La rencontre
Mars 2002. Deuxième jour à tourner le dos au soleil levant. C’est pourtant vers l’est que doit me conduire mon voyage. Katmandou est ma destination. Mais, hier matin, à Téhéran, les autorités iraniennes ont refusé l’extension de mon visa. Il me faut avoir quitté le pays avant demain soir. Alors, je roule sans aucun plaisir pour rejoindre la Turquie avec un goût amer dans la bouche. En plus, il fait très froid en ce moment en Iran. La journée tire à sa fin et je cherche ma route. Je tourne en rond et commence à perdre patience. La fatigue devient pesante après une semaine intensive au guidon de ma moto. Mon corps crie grâce et ma tête n’est guère au mieux. Je sens que mon voyage m’échappe. J’aperçois un café à l’angle de deux rues. Je gare ma moto devant, ouvre la porte et pénètre dans la pièce bondée. Je reste un instant, immobile, cherchant des yeux une place de libre. Je vois un homme arriver à ma hauteur. Il m’attrape par le bras, m’emmène près du poêle à bois et me fait asseoir. Il va vers le comptoir et revient avec un thé pour moi. Je porte le breuvage brulant à mes lèvres ; il se répand en moi comme une douce caresse.
Peu après, je veux me lever, il est temps de reprendre la route. L’homme revient vers moi. Il me montre mes doigts bleuis par le froid, mon visage marqué. Par gestes, il m’intime l’ordre de m’asseoir et va chercher un deuxième thé et un gâteau. Tu es trop fatigué, semble-t-il me dire, reste encore un peu.
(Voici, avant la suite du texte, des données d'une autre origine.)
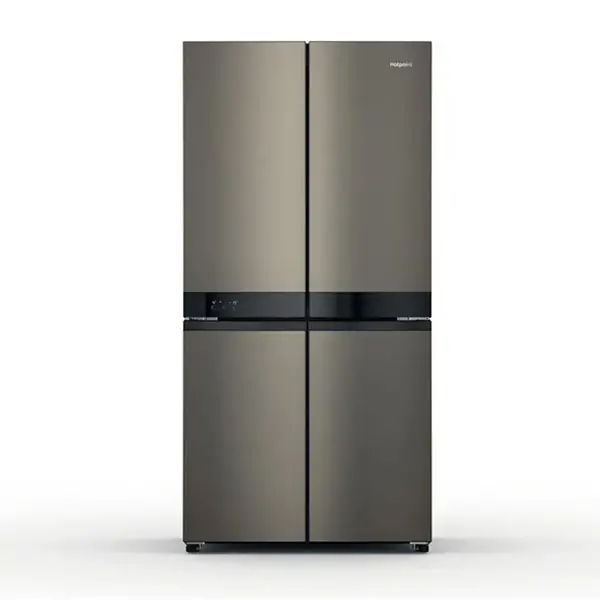 HOTPOINT HQ9U1BL FOUR DOOR REFRIGERATOR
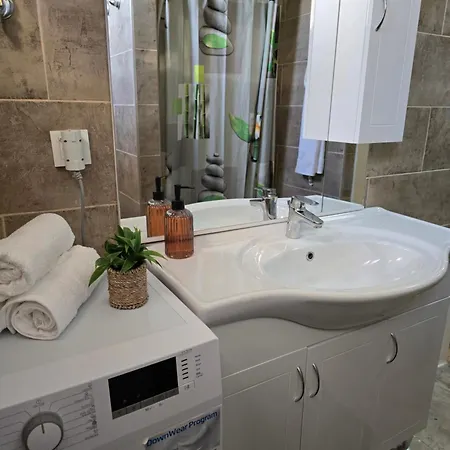 Appartement Roko Pridraga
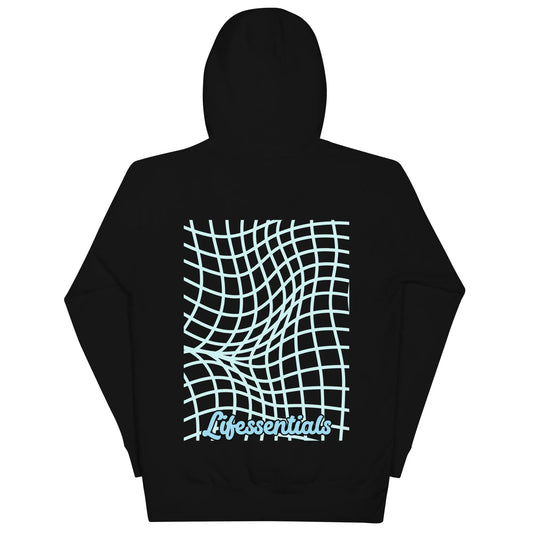 Unisex Hoodie-LifessentialsLLC.com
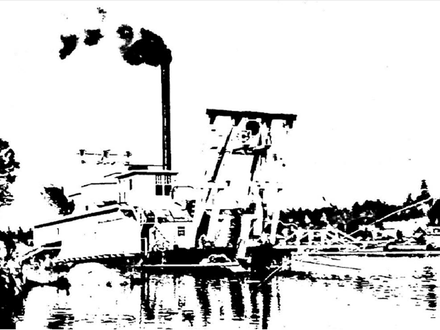 The Case of the Brass Nuggets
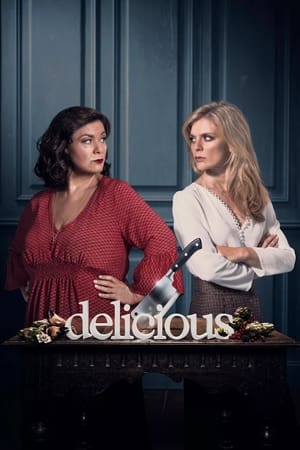 Delicious (20162019)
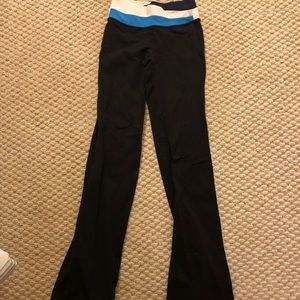 Lululemon Yoga Pants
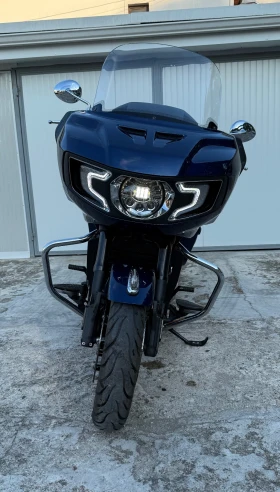 Indian Challenger Dark Horse, снимка 2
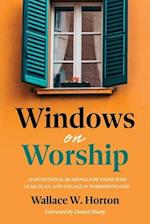 Windows on Worship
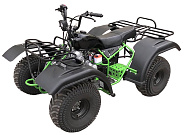 ЗИП 4W серия 6, МЕХАНИК 2 (250 куб.см.)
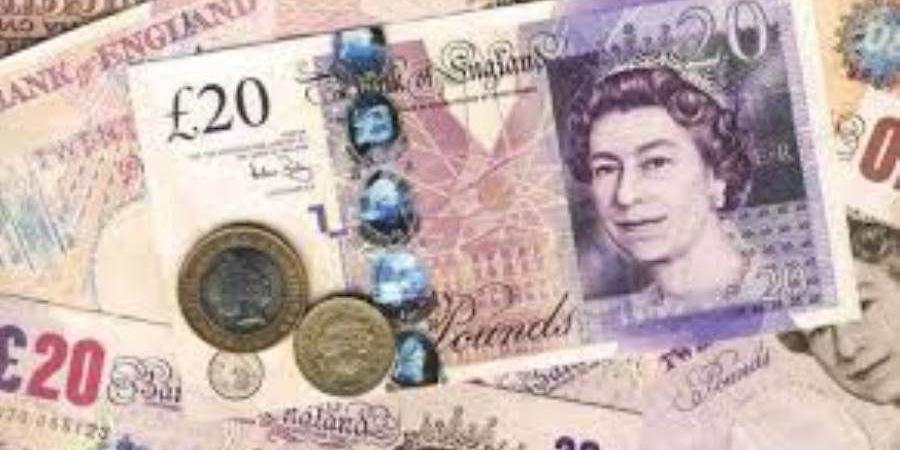 سعر الجنيه الاسترليني اليوم الاثنين 19 - 5 - 2025 في البنوك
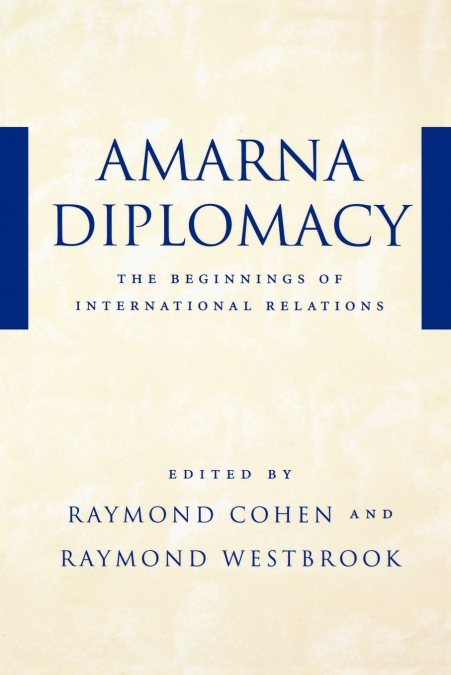 Amarna Diplomacy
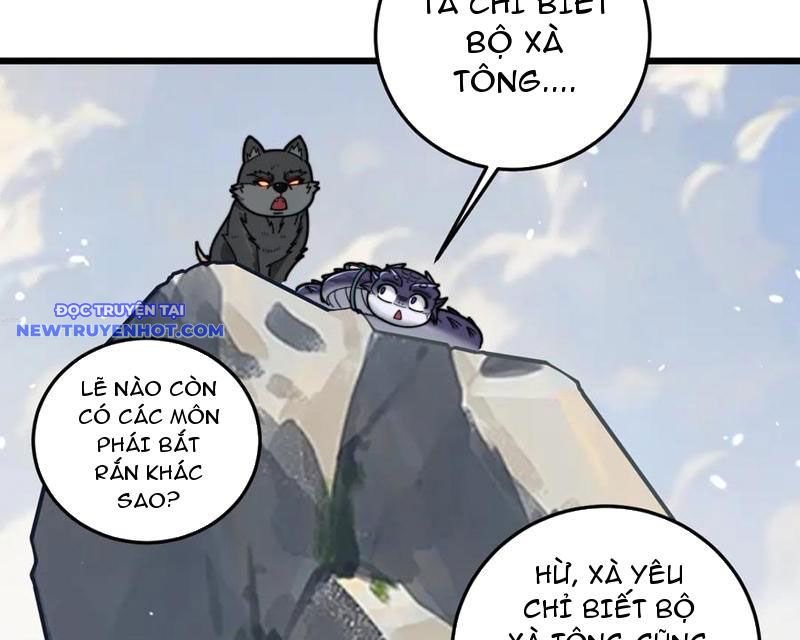 Lão Xà Tu Tiên Truyện chapter 15 - Trang 89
Je sens mon corps se réchauffer tout en mangeant le gâteau généreusement offert. L’homme reste près de moi, attentif et bienveillant.
J’ai retrouvé quelques forces et je me décide à partir. Mon bon samaritain m’accompagne jusqu’à la moto. Il me donne l’accolade avant que j’enfile mon casque les larmes aux yeux d’émotion. J’étais arrivé désemparé et je repars avec une énergie nouvelle en moi. Je démarre ma moto et lui fais un petit signe de la main avant d’enclencher la première. J’ai l’impression de quitter un ami.
Le voyage n’aurait aucun goût sans les rencontres qui rythment son cours. J’en ai connu des centaines et elles ont parfois joué un rôle clef dans la poursuite de mes virées. J’ai même eu parfois une étrange impression de rencontres « écrites » arrivant à point nommé alors que je traversais un grand moment de doute lors de mes voyages en solitaire.
J’ai oublié bien des lieux et paysages traversés ou gardé d’eux un souvenir diffus. Par contre, j’ai ancré tout au fond de moi les rencontres avec ces femmes et ces hommes qui m’ont offert un moment de leur vie avec générosité.